Do you think a lot of people are scared to be vulnerable because deep down they don't think they're lovable? If somebody saw all of them, they wouldn't be... That's the lesson I learned as a child. Yeah. And more than anything, they probably inherited that belief system from one or both of their parents or caregivers. And they, in turn, probably inherited it. And so on and so on and so on and so on.

The question for all of us is what do we want to pass on? What is the lineage we would like to leave? Whether we're talking about the planet or we're talking about society or we're talking about our internal family dynamics, what do you want to leave your descendants? When I think about that as purpose, it overcomes all of that mishigas, good Yiddish word, foolishness that says...

you didn't do enough. You didn't make enough money. You didn't have enough success. Your book's not a bestseller. Whatever it is, the story you tell yourself, enough. We use the word discernment a lot. And we've used that in sort of like the context of choosing. And that's part of being an adult, but also part of being an adult

which we haven't talked about that involves discernment is the people you surround yourself with, your friends. And why do we keep people in our lives that bring us down or that we know aren't right, but we're scared to detach and let go? And how do we change this? Well, I think you just answered your own question. We're scared to detach and let go.

Right? Because the first question I was going to, when we look at patterns in our lives and maintaining relationships that are not good for us is a good example of a pattern. I remember working with a client who was complaining to me about her boss and her boss's name was John. And one day I said, wait, wasn't your last boss named John? She goes, yeah. Yeah.

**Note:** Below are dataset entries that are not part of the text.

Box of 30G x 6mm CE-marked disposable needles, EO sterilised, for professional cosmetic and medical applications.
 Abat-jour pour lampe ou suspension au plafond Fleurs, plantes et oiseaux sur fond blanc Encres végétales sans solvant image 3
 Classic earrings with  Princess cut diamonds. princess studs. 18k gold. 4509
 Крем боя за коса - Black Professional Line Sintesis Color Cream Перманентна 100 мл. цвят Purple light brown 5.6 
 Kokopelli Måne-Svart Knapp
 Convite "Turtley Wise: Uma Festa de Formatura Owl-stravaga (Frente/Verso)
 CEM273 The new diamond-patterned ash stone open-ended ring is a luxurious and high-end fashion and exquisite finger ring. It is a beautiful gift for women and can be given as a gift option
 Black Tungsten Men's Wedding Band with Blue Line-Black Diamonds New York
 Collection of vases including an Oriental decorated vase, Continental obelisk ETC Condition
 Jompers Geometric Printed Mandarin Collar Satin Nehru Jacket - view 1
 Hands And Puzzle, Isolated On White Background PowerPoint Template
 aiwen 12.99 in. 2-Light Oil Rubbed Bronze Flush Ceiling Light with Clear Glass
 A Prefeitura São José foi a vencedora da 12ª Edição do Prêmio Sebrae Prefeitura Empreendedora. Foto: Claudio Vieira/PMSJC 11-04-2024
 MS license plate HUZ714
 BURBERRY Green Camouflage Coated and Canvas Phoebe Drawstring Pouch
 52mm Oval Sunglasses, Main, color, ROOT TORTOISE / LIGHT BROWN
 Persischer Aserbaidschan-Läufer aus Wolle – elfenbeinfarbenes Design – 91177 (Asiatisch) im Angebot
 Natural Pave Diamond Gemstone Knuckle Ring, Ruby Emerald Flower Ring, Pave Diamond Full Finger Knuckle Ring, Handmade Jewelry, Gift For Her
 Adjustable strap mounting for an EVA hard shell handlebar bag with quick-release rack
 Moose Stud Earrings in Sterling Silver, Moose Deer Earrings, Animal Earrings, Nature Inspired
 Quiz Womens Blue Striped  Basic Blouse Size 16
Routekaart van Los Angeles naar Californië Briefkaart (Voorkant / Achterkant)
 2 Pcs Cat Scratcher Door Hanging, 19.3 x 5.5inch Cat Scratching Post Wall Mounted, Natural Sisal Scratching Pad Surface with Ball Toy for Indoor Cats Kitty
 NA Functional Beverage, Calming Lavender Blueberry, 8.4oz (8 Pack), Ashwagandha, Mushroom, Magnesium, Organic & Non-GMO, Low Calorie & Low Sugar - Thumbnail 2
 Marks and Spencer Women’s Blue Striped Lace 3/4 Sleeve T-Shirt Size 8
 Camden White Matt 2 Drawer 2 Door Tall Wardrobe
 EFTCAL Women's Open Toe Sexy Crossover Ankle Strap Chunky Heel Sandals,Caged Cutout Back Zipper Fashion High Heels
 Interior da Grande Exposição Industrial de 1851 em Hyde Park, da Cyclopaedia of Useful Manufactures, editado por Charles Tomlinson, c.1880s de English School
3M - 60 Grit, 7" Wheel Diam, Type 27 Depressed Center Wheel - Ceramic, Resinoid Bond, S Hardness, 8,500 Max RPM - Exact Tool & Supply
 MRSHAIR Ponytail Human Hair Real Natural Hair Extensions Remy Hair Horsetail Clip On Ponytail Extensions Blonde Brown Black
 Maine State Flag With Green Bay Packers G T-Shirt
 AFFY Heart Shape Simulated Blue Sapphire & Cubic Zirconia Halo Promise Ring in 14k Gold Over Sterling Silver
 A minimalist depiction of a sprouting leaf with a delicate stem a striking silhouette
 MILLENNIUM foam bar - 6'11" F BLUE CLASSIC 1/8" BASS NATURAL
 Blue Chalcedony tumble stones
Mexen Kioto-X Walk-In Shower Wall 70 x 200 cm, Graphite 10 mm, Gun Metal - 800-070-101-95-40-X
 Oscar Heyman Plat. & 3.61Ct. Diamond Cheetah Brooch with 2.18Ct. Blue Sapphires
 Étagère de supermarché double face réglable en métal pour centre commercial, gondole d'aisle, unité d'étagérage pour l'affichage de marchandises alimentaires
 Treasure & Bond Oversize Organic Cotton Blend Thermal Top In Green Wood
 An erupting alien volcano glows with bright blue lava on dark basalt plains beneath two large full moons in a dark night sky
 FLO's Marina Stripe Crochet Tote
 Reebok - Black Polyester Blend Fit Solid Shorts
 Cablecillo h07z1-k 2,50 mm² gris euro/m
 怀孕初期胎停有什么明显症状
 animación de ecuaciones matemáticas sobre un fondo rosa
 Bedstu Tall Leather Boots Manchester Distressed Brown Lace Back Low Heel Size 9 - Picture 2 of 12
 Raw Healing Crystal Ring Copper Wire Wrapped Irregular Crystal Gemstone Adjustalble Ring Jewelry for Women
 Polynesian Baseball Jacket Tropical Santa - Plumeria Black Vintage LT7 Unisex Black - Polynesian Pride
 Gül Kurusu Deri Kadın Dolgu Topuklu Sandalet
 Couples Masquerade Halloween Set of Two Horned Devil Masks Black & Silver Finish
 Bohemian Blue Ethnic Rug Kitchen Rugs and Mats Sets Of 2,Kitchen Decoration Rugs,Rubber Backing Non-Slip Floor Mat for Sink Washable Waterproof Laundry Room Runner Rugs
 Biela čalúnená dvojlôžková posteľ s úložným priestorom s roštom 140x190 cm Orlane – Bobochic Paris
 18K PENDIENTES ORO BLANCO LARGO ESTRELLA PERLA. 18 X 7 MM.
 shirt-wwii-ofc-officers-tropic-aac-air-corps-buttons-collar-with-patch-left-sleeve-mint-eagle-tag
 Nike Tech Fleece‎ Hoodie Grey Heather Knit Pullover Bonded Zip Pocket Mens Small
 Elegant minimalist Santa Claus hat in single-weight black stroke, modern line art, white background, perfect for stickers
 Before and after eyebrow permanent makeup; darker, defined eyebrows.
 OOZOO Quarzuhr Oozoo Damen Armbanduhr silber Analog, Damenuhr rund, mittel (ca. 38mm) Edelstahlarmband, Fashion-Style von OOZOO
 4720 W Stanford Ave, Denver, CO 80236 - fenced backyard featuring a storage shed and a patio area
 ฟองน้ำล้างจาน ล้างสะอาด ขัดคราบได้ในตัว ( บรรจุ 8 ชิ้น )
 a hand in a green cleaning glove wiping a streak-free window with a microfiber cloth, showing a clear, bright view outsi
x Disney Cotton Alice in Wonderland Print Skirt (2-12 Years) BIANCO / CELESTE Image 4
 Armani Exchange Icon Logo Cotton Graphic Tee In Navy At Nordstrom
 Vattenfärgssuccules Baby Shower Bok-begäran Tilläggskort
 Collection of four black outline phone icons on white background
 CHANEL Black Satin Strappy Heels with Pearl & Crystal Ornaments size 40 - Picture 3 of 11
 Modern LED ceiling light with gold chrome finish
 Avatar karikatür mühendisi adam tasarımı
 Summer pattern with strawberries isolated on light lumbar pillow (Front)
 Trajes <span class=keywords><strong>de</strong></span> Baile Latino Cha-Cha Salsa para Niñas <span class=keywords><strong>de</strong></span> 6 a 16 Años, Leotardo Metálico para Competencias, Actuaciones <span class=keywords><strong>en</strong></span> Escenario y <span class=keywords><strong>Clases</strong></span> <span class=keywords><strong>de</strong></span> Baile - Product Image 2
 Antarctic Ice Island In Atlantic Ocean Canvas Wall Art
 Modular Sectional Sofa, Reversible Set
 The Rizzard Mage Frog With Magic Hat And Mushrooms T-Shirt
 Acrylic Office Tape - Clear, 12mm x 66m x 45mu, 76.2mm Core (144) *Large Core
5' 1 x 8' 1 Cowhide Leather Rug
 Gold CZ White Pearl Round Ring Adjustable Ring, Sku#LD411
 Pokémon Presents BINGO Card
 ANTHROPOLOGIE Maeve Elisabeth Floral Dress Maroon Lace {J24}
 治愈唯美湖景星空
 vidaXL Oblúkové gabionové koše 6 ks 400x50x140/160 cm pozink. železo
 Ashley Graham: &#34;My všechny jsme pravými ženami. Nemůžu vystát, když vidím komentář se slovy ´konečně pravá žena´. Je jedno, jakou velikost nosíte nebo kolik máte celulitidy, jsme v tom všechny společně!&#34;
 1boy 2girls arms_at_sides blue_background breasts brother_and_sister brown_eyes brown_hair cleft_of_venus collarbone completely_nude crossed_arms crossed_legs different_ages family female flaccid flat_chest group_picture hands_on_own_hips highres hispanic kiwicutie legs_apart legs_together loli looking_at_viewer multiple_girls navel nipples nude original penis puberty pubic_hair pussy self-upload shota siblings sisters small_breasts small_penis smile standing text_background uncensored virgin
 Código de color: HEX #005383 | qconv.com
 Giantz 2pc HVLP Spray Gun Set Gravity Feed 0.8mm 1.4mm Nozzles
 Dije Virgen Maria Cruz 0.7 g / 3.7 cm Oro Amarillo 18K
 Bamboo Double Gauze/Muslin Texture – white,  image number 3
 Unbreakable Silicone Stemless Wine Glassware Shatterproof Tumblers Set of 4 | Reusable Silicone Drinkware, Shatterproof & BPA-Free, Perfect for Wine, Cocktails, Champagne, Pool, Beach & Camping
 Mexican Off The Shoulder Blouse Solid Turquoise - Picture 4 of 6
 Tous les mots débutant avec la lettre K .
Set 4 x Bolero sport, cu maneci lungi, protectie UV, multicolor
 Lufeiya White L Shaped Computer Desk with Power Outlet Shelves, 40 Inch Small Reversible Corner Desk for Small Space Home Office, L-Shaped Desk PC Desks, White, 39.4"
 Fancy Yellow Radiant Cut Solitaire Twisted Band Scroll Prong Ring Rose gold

And the boss before that, wasn't he named John? Yeah. What's your father's name? John. When we look at those patterns, it is so useful to ask ourselves, without inducing shame or blame, what is the benefit? Why do I keep this relationship going when they hurt me?

It's like what we need to develop is a kind of, you know, body hacking device that tells us don't do that. You, you do that and you see this friend and all you feel is terrible about yourself. A, why do you persist in seeing this friend? And B, what is it about the relationship with this friend that makes you feel bad about yourself?

You see that discernment coming in again? That what I call that radical self-inquiry. You know, we go see that friend that makes us feel bad and then we come home and we feel bad and we take it out on our spouse. We don't ask the question, why did I go in the first place? Like I asked that CEO, well, who hired all these people who can't make a decision on their own? And what was the benefit to you? What do I get out of this?

No matter how much shame the answer produces. I like hanging around with that person because it makes me feel like I am just as rich as they are. And I like to be cool. I want to be a member of the cool kids club. Or I like hanging out with that person because I can drink and I'm not drinking alone. So I feel better about myself. Nicely done. So the real issue isn't a friend. Right. The real issue is your relationship with alcohol.

Or your relationship with money or... There you go. Like, how do you end that? Do you have a conversation with them? Do you just stop inviting them to things? What do you do? My impulse would be always to have a conversation because the practice of having the conversation, even if the conversation isn't well received, is a good muscle for you to develop. Mm-hmm.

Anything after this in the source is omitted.